Publisher for Scabbard v3
Summary
The publisher component is in charge of executing pending batches and building the finished result that will be used by some supervisor in consensus agreement. The published result may be a block, like in Sawtooth or the execution result of one or more batches like in Scabbard.
The following design proposes an implementation for publishing that is flexible for many use cases while keeping in mind reducing the required number of threads that are actively running at one time. Thread reduction is important for high availability requirements for v3 Scabbard.
Guide-level explanation
The publisher is in charge of returning the next item to publish to the
supervisor and consensus. It will return the Artifact
to agree upon, for
example a block or a batch execution result. The publisher needs to be able to
continue to publish until it is told to stop. The work may be canceled if the
building Artifact
will no longer be valid, for example if the current chain
head has changed.
The following design is done with the goal of defining Rust structs that would take a set of traits. These traits would allow the same publisher structs to be used in any situation (e.i. Scabbard or Sawtooth).
The supervisor will use a PublishFactory
that will be used to start the
execution. Once started, a PublishHandle
is returned that is used to finish or
cancel the publishing.
PublishFactory.start(..)
The supervisor will tell the publisher to start building a new
Artifact
. This is done prior to consensus actually being ready to
publish to avoid having to wait for the completion of transaction processing
before receiving the result.
The publisher will get batches from an iterator passed on start. The publisher
will pass the batch/batches to the BatchVerifier
, which will return batch
execution results. Results will not be returned until finish()
is called. If
the implementation allows for multiple batches, this allows for batches to
continue to be added and scheduled if they are available.
PublishHandle.finish()
When the supervisor is ready to publish a new Artifact
, it will call
finish()
on the PublishHandle
. At this time, implementations should abort
any scheduled and current batch validation. The completed batch execution
results will be converted to the expected Artifact
and returned to the
supervisor.
PublishHandle.cancel()
It is possible that work that is in progress will never be published, for
example if the state root hash has changed. Therefore, the supervisor tells the
PublishHandle
to cancel()
the current work, aborting all execution and
throwing away any completed batch execution results.

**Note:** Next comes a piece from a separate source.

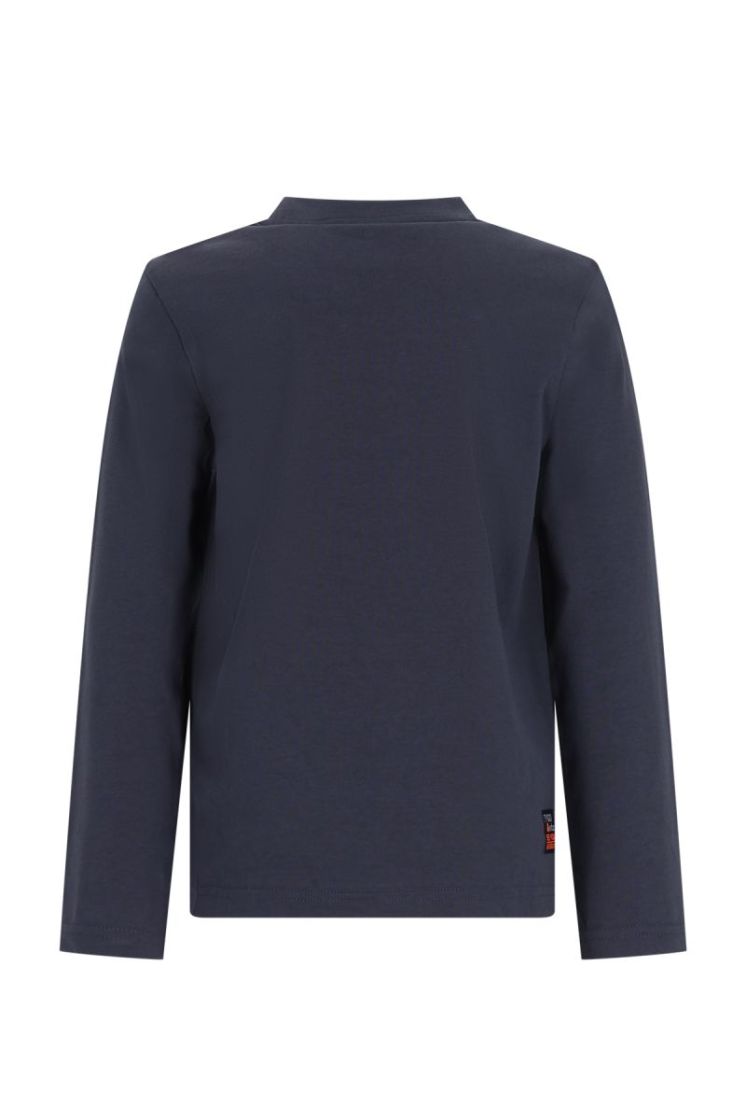 Boys Kids 353 Dark Slate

Reference-level explanation
Traits used by Publisher
The following traits will be used by either being Boxed and passed to the structs, as generics or as associated types. The traits will live in the Sawtooth library.
Artifact
The return type after publishing is complete. Defines one of the generics for the publisher. It will live in sawtooth-lib.
/// An artifact.
///
/// An artifact is an identifiable product of the publishing process and the
/// core value to be validated by a system based on Sawtooth.
pub trait Artifact: Clone + Send {
/// The type of the identifier.
type Identifier: ?Sized;
/// Returns a reference to this artifact's identifier.
fn artifact_id(&self) -> &Self::Identifier;
}
PublishingContext
The context that contains specific information for the building Artifact
.
This trait will live in sawtooth-lib and is used to define one of the generics
for the publisher.
/// The context used by the publisher
pub trait PublishingContext: Send {}
Batch
The trait for a batch that will be used by the publisher. This trait will live in sawtooth-lib and is used to define one of the generics for the publisher.
pub trait Batch: Send {}
ArtifactCreator
This trait will be Boxed and used to generate the resulting Artifact
from the resulting execution results.
/// An artifact creator.
///
/// Used to create new instances of `Artifact`.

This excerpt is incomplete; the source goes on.